Please produce an exact copy of only the lines from the one with "Blush Wildflower Boho" through the last one of the material, without pictures.

• _EXERCISE DATA_:

= = =

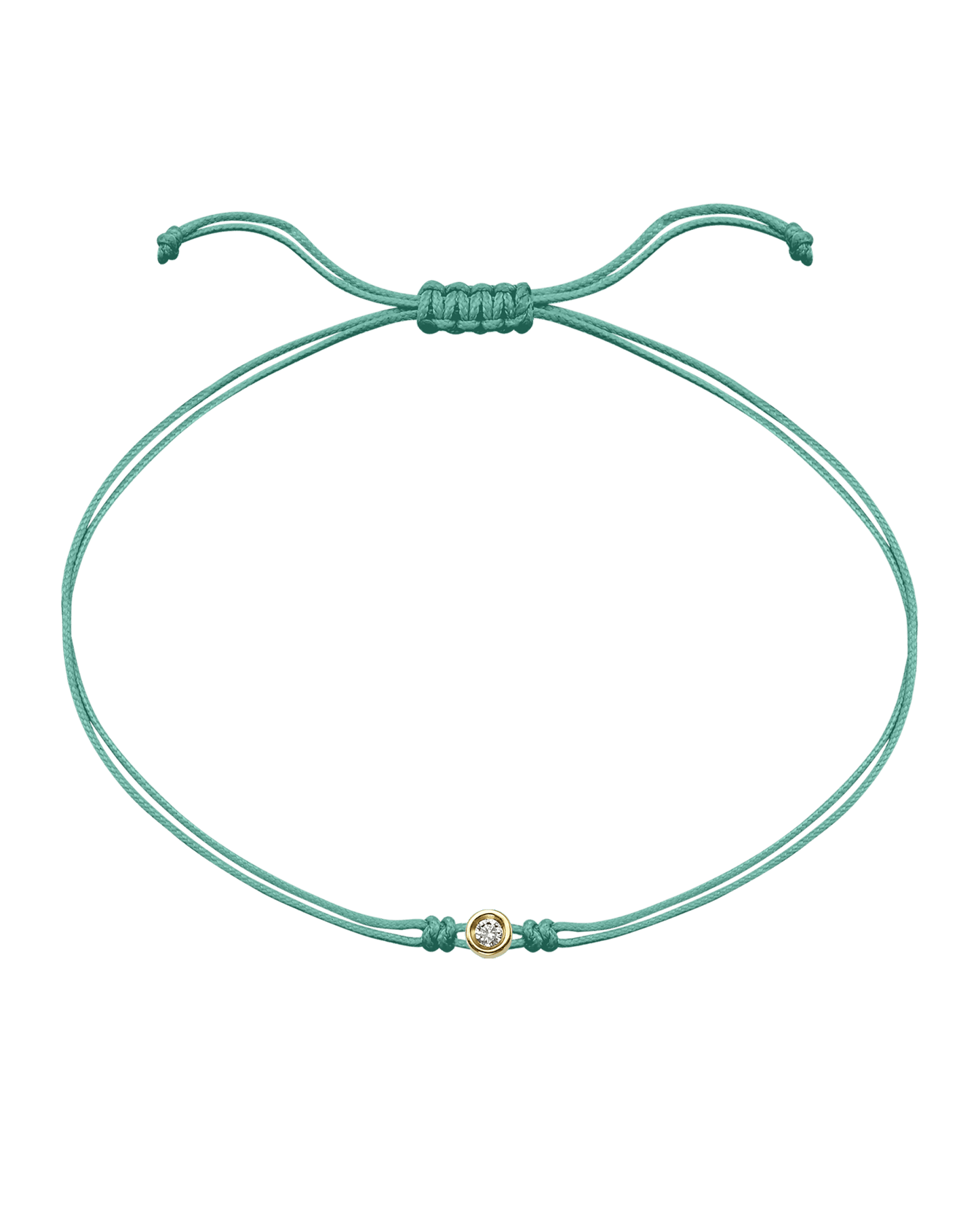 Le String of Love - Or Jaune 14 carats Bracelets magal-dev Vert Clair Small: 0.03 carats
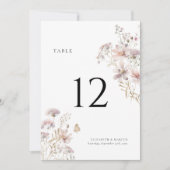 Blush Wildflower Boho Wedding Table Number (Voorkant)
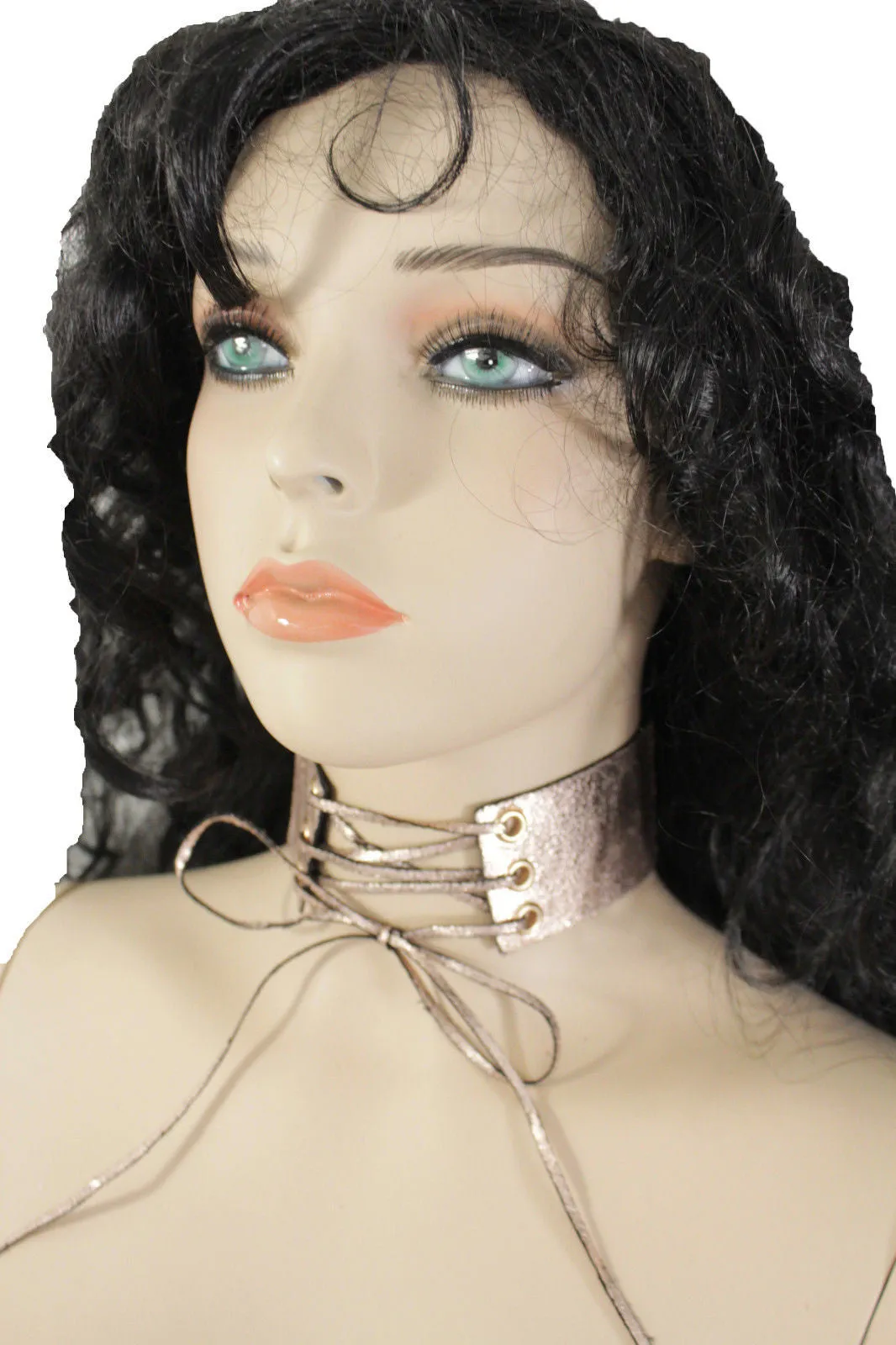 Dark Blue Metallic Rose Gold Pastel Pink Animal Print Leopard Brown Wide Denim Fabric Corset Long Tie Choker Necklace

= = =

• _THE COMPLETED TASK_:
 Blush Wildflower Boho Wedding Table Number (Voorkant)
 Dark Blue Metallic Rose Gold Pastel Pink Animal Print Leopard Brown Wide Denim Fabric Corset Long Tie Choker Necklace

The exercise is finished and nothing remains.